I have tore down a few organs and have found some nice material to work with and I'm fine with that, have a few more still waiting for me to get broke down and if they have something extraordinary I will let everyone know. The list of old Hammonds that have some palladium are on the forum so search for it and only get those models if you can. This is a hobby and I don't mind looking for other brands that might have some precious metals .


----------



## Mike18436572 (May 30, 2022)

Golddigger76 said:


> Sometimes it is just a simple "I don't agree with you " that doesn't make me feel like you are a liar. Not anything wrong with that but that's what keeps me coming here to learn. There is always one of the extremely brilliant members that are going to make sure that wrong information unintentional or not is correct. Rob we are all wrong sometimes and I believe that you didn't realize that you were paid for a massive amount of silver yet it was most likely just heavy plating. You certainly walked away from that deal better than the buyer did, Sometimes it is going to be you on the loosing side too but that's how business works.
> Mike just corrected their error with a specific gravity test on the same metal from the same organ and it tells the story. I will go ahead and test mine to but I don't see any different outcome on basically the exact same alloy, it's disappointing to hear but more than anything people don't need to go sinking their life savings into every old organ they can find thinking they are going to make money on them.
> I have tore down a few organs and have found some nice material to work with and I'm fine with that, have a few more still waiting for me to get broke down and if they have something extraordinary I will let everyone know. The list of old Hammonds that have some palladium are on the forum so search for it and only get those models if you can. This is a hobby and I don't mind looking for other brands that might have some precious metals .

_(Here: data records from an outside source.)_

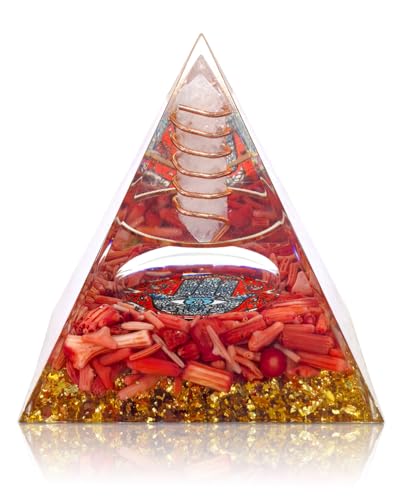 Hand of Fatima - Orgone Pyramid with Healing Crystals - Energy Generator for Positive Vibe, Stress Relief & Chakra Reiki Meditation - Pyramid Decor - Spiritual Gift for Success, Wealth & Prosperity - color: Colorful (Set 51)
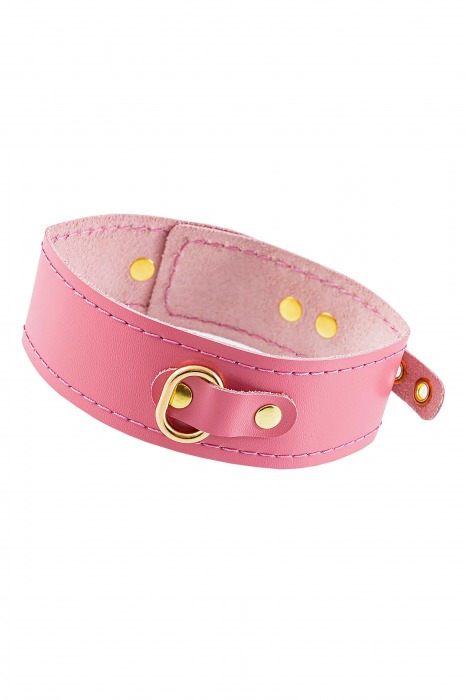 Розовый кожаный однослойный ошейник с прошивкой - Pecado - купить с доставкой в Люберцах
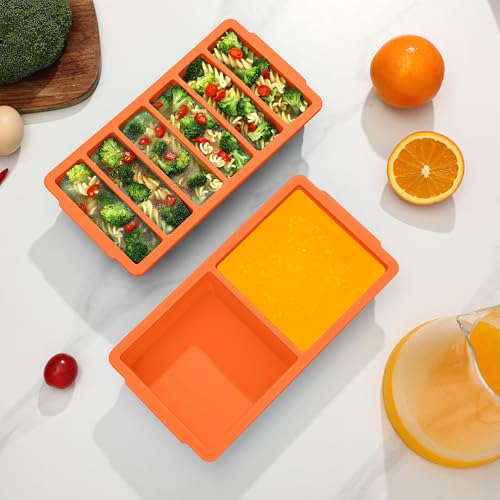 2 Pack Silicone Freezer Trays with Lid (Orange（6+2）)
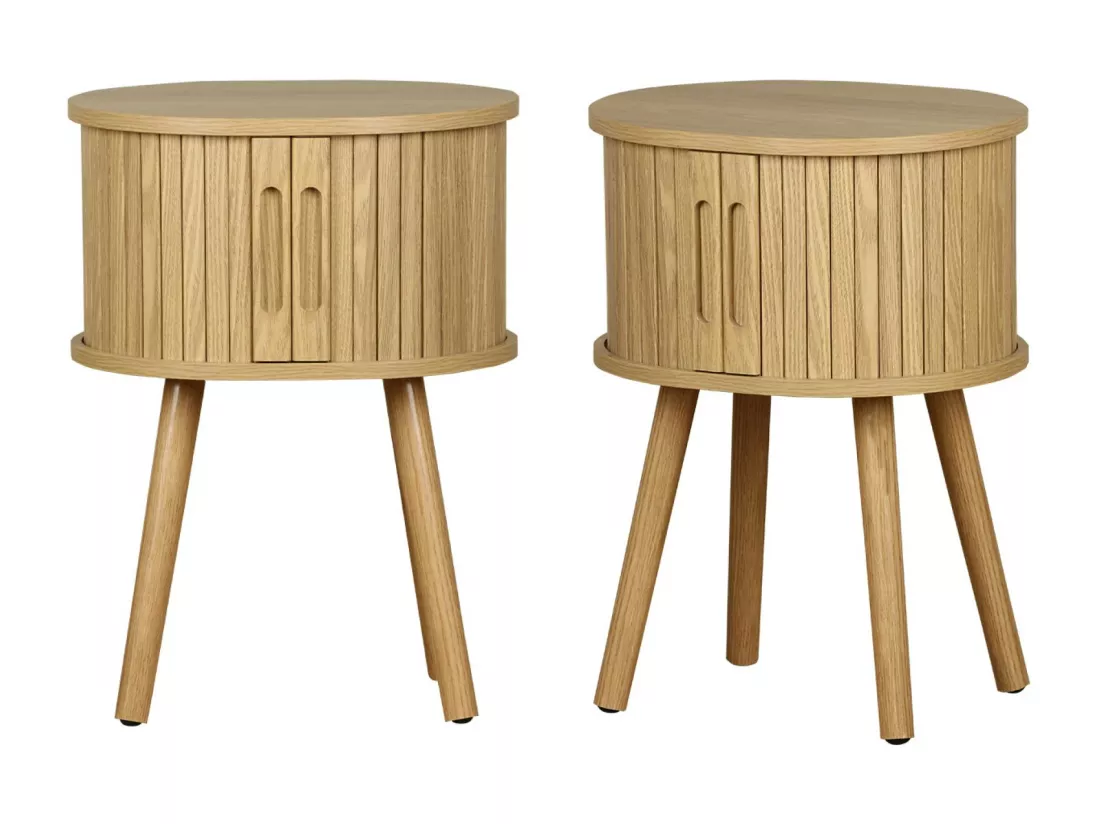 Lot de 2 tables de chevet ovale 2 portes coulissantes poignées creusées. effet bois rainuré. L40 x l34 x H54.8cm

I was really hoping these were going to have a lot of silver. It was going to add another move in my game. But the specific gravity test is pretty definite. It can’t tell you what something is, but it can tell you what something isn’t. And since the specific gravity is 7.54 it’s not gold, platinum, palladium, silver, and even less than copper, so I’m really confused as to what it is. But I do know it’s way too light by mass to be silver. I will report if I get an xrf on the mixed melted button.


----------



## malphorian1973 (May 31, 2022)

Golddigger76 said:


> Here's a few pictures what is inside of the Conn 619, it was built in November 1976.


In picture # 23, do you know what materials are in those capacitors? Are those considered "dog bones"? Do they contain silver and mica? I edited this reply because as I read through the posts in the upper part of this page I realized this was already covered. I do apologize. Still though, I wanted to make sure it was these parts that were being spoken about.


----------



## Rob666 (May 31, 2022)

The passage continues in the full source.